The climate impact of a coffee cup
A life-cycle analysis (LCA) of paper cups, as compared to ceramic, plastic and steel cups, was commissioned by Huhtamaki and the Finnish paperboard producer Stora Enso over the course of 2018-2019.
The LCA is used to assess the possible environmental impact of a product across its entire life, from cradle to grave - looking at the production process, the materials used and the method of reuse, recycling or disposal.
The study was carried out by VTT Technical Research Centre of Finland and focuses on two key coffee-consumption scenarios: a cafe scenario, comparing paper cups with traditional ceramic cups, and an on-the-go scenario, where takeaway paper cups were compared with reusable plastic and steel cups.
According to the study, a ceramic cup in a cafe needs to be reused around 350 times before it can boast a smaller carbon footprint than a single-use paper cup. This is largely affected by how efficiently the ceramic cup is washed, with the climate impact of the cup increasing if the cup is washed less efficiently - for instance using a lot of water and energy or needing to wash it multiple times. Over 90 per cent of the life cycle emissions of a reusable cup come from the washing process as opposed to the extraction of raw materials or manufacturing.
A similar picture appears when comparing paper cups with reusable steel cups, which would need to be reused a minimum 130 times for its life-cycle impacts to ‘break even’ with the impacts of paper cups. Reusable plastic cups would apparently need to be used 20-36 times to compare with paper.
In addition, the LCA compared the carbon footprint of three different types of paper cup: one with a standard polyethylene (PE) coating, one with a plant-based PE coating and one certified compostable cup. The raw materials, cup production process, transport and end-of-life destination was compared for the three types, with results suggesting that the cup with the plant-based PE coating performed the best, producing 10.2 grams of CO2 equivalent per cup, compared to around 10.4 grams for the standard PE and just over 13 grams for the compostable cup.
The study states: ‘Compostable cups are a good option when the cups actually get composted. If it is not possible to ensure composting, PE coated cups have a lower carbon footprint.’
Interestingly, the study claims that looking at the carbon footprint of a takeaway coffee, the paper cup with lid contributes only nine per cent of the total climate impact, while 14 per cent of the impact comes from the coffee production and a massive 73 per cent comes from milk production - so one possible way to reduce the environmental impact of your coffee is to start drinking it black or using a non-dairy milk.
Image: DS Smith
Recycling is key
Extending the life of any type of cup is crucial to reducing its carbon footprint, and with single-use paper cups, this means keeping them out of landfill or incineration and sending them for recycling. According to the study, recycling a traditional paper cup reduces its carbon footprint by 54 per cent - and the fibre in the cup can be recycled up to seven times. The study also suggests that if a paper cup is recycled it will always have a lower carbon footprint than a ceramic cup used in a cafe.

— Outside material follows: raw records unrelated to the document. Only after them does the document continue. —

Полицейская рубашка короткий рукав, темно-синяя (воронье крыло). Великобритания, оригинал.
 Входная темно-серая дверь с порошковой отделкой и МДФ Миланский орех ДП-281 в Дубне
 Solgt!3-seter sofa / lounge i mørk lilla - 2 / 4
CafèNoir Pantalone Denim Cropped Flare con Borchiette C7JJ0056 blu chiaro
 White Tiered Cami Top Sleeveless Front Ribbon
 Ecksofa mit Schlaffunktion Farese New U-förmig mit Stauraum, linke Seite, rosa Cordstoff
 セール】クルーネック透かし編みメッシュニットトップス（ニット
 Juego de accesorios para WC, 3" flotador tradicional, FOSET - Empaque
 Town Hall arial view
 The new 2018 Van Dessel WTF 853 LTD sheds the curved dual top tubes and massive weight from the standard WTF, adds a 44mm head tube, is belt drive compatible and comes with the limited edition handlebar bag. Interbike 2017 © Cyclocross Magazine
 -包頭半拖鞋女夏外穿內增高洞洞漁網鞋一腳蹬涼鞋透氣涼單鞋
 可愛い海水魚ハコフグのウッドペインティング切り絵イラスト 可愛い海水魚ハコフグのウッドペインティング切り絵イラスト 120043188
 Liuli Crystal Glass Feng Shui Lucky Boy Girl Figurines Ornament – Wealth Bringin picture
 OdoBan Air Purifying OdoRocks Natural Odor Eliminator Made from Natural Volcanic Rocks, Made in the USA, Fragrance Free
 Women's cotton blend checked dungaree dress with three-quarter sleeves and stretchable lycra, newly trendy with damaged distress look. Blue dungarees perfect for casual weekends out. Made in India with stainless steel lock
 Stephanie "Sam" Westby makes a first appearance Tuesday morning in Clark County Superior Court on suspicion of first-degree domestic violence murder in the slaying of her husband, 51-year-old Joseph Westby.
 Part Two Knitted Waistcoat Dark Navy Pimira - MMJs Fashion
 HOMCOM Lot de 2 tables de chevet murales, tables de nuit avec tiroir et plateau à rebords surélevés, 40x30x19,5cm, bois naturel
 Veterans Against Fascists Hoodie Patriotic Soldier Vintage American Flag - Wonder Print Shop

However, recycling is still sometimes easier said than done, with access to coffee cup recycling points often limited in areas like shopping centres where takeaway cups are used. The good news is that the amount of coffee cup recycling facilities in the UK is growing, with waste management company Veolia predicting it will recycle 120 million cups in 2019 and DS Smith claiming it has the capacity to recycle all the UK’s waste coffee cups at one paper mill in Kent.
The problem of getting paper cups to those recycling facilities is also being tackled. According to the Paper Cup Recycling and Recovery Group (PCRRG), there are now more than 4,500 paper cup recycling points available in the UK, such as bring banks and in-store collection points. In Leeds, environmental behaviour change charity Hubbub has been exploring ways to improve on-the-go recycling for food and drink packaging with its ‘Leeds By Example’ project. In the first six months after its launch in October 2018, 600,000 coffee cups were collected for recycling in and around Leeds city centre through dedicated drop-off points and recycling reward machines that offered vouchers in return for used paper cups.
The success of Leeds By Example, which also focused on plastic bottles, drinks cans and other common on-the-go items, means similar projects will now be rolled out in Swansea and Edinburgh. In addition, Hubbub has launched ‘The Cup Fund’ in partnership with Starbucks, which will offer funding of between £50,000 and £100,000 to projects aiming to improve paper cup collection and recycling.
New partnership to help businesses recycle cups
Recycling company First Mile announced yesterday (1 July) that it was partnering with Huhtamaki to improve coffee cup recycling by businesses.
First Mile will be collecting paper cups from coffee chains, restaurants and other businesses in London and Birmingham that use Huhtamaki’s disposable cups. The recycling company has also recently launched a new compostable packaging service, meaning that compostable cups produced by Huhtamaki will be converted into fertiliser - provided they make it into the recycling system.
First Mile founder and CEO, Bruce Bratley, commented: “With a growing awareness of recycling and sustainability, the PCRRG reports that paper cup recycling rates have increased from an estimated 1 in every 400 to 1 in every 25 in just two years and we’re keen to increase this further through the work we do. This partnership is a great collaboration, pairing Huhtamaki’s objective of driving long-term sustainability, with First Mile’s innovative approach to making recycling easy for businesses.”